EXERCISE GOAL: The reply must contain exactly the lines below from the one with "Used 2023 Mercedes-Benz" down to the one with "Buy & Sell Longley", both included, and nothing more; please omit the pictures.
----------------------------------------
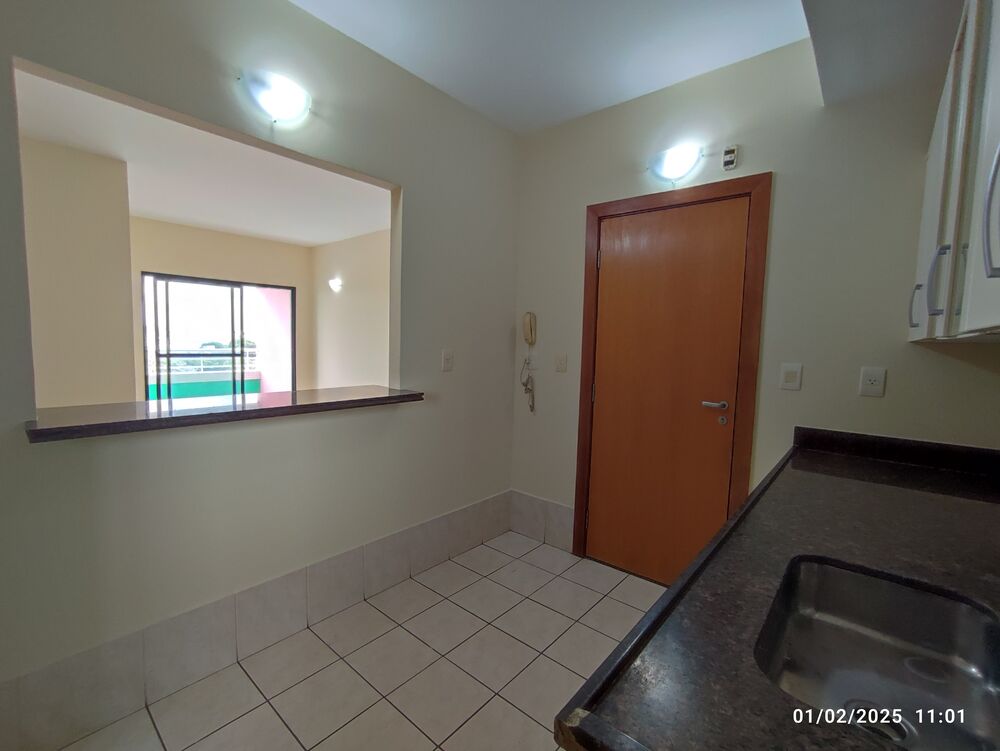 Apartamento à venda com 3 quartos, 110m² - Foto 2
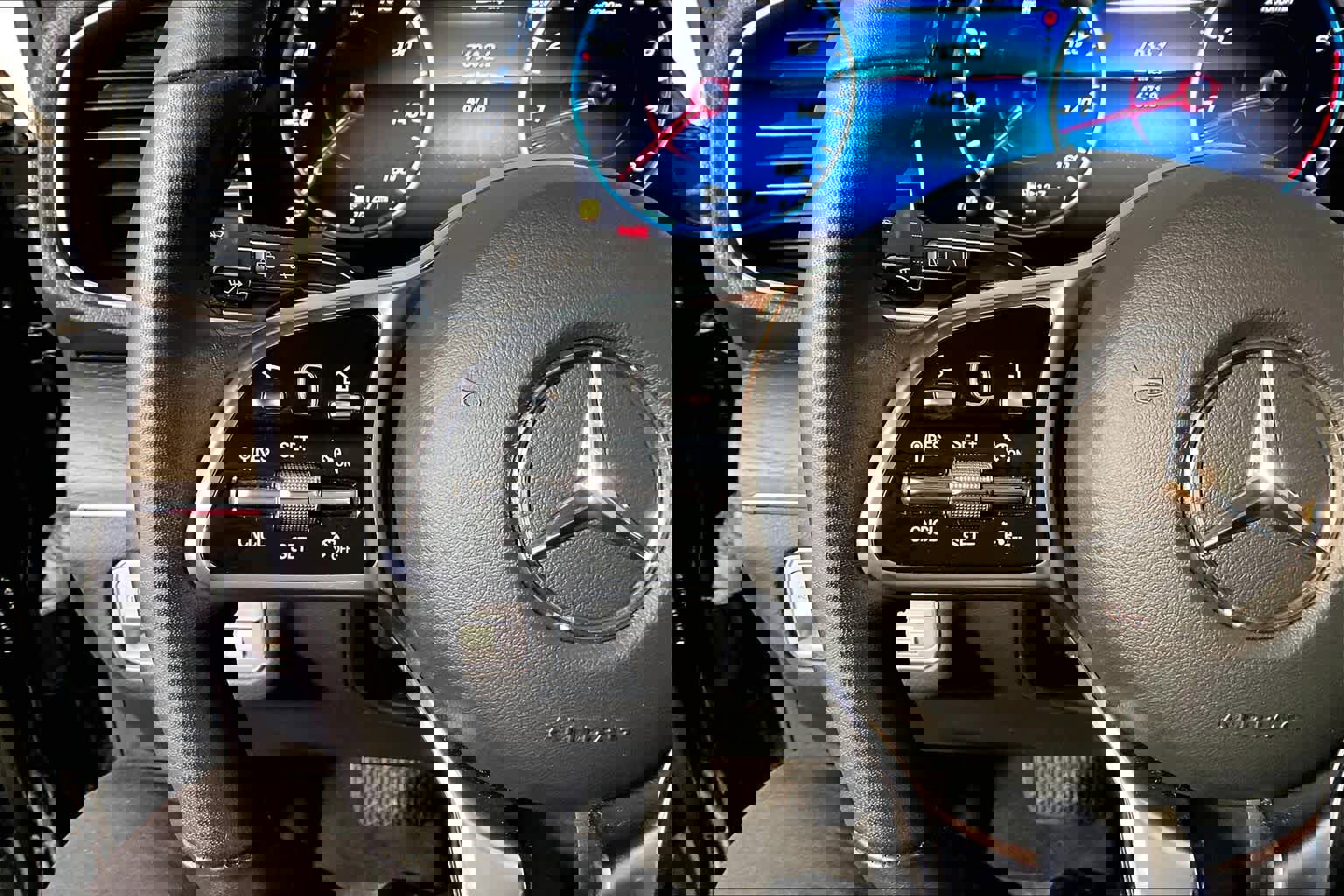 Used 2023 Mercedes-Benz GLE 350 4MATIC image 24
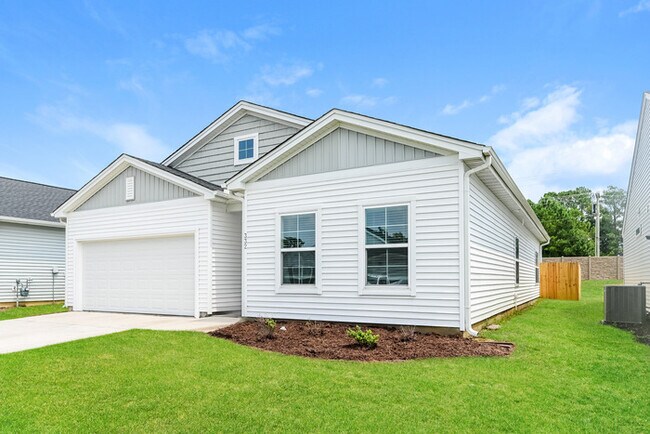 Photo - 332 Augustine Dr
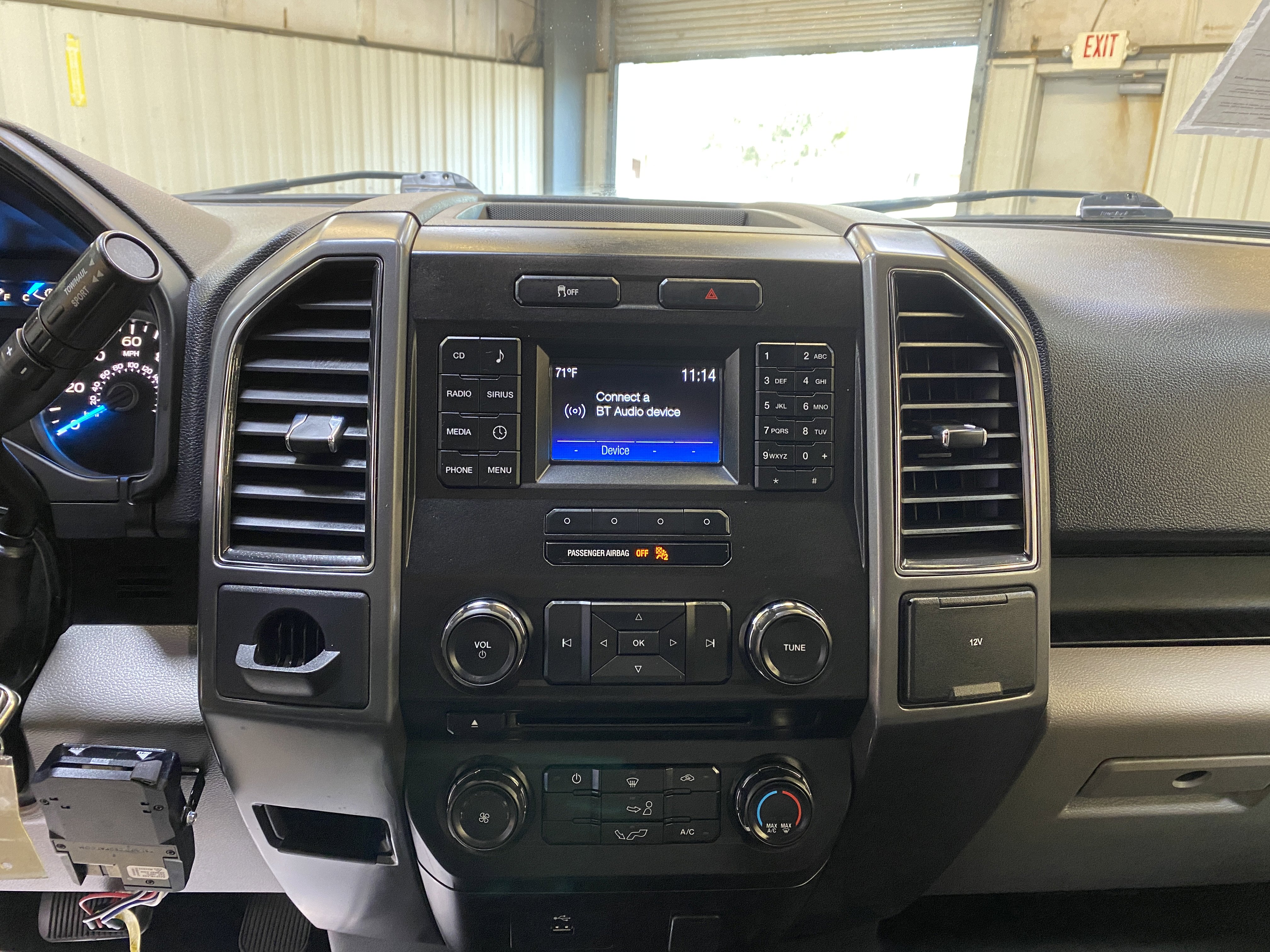 Used 2017 Ford F150 XLT image 35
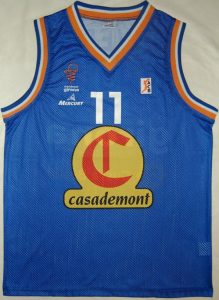 Casademont Girona 2003 – 2004 home kit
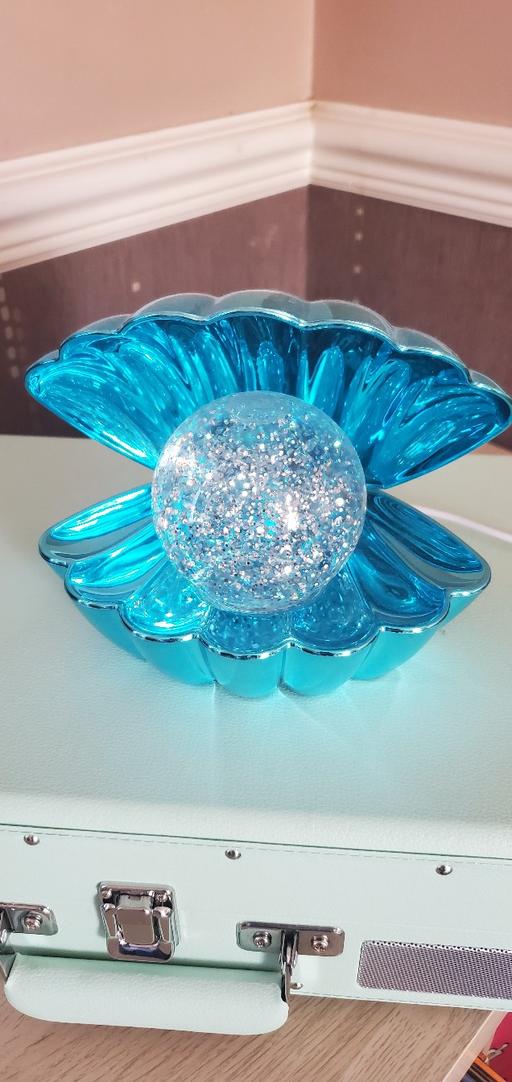 Buy & Sell Longley Sheffield - Photos for colour changing clam shell lamp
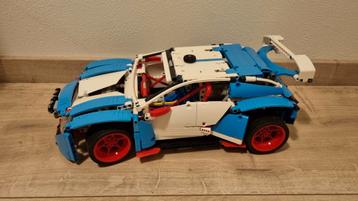 Lego technic 42077 rally auto beschikbaar voor biedingen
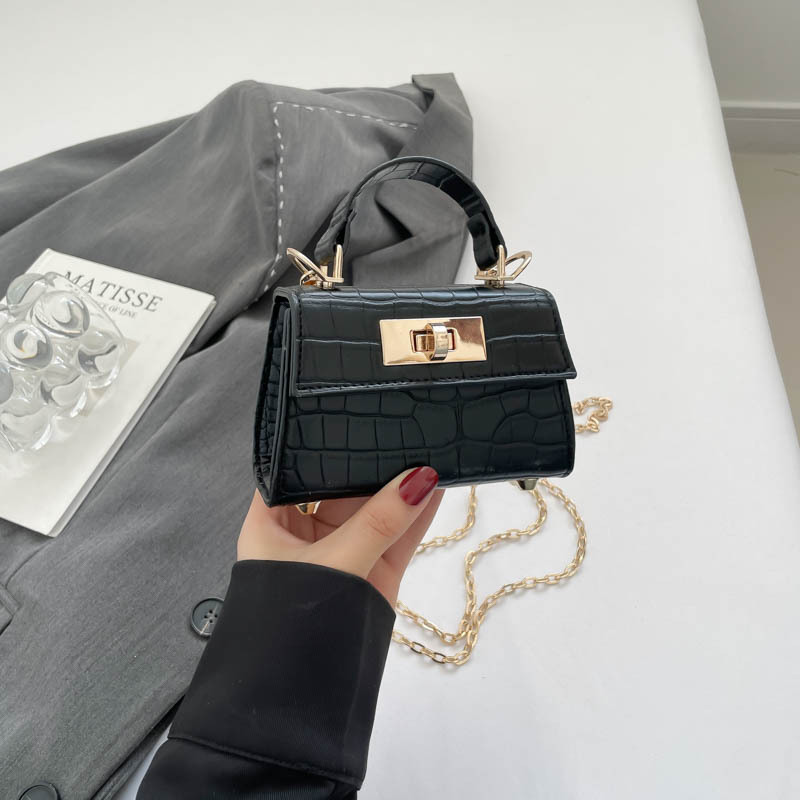 Nuova Borsa a Tracolla alla Mo - Luxury Bags Jacquemus recensione e prezzo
----------------------------------------
SOLUTION:
 Used 2023 Mercedes-Benz GLE 350 4MATIC image 24
 Photo - 332 Augustine Dr
 Used 2017 Ford F150 XLT image 35
 Casademont Girona 2003 – 2004 home kit
 Buy & Sell Longley Sheffield - Photos for colour changing clam shell lamp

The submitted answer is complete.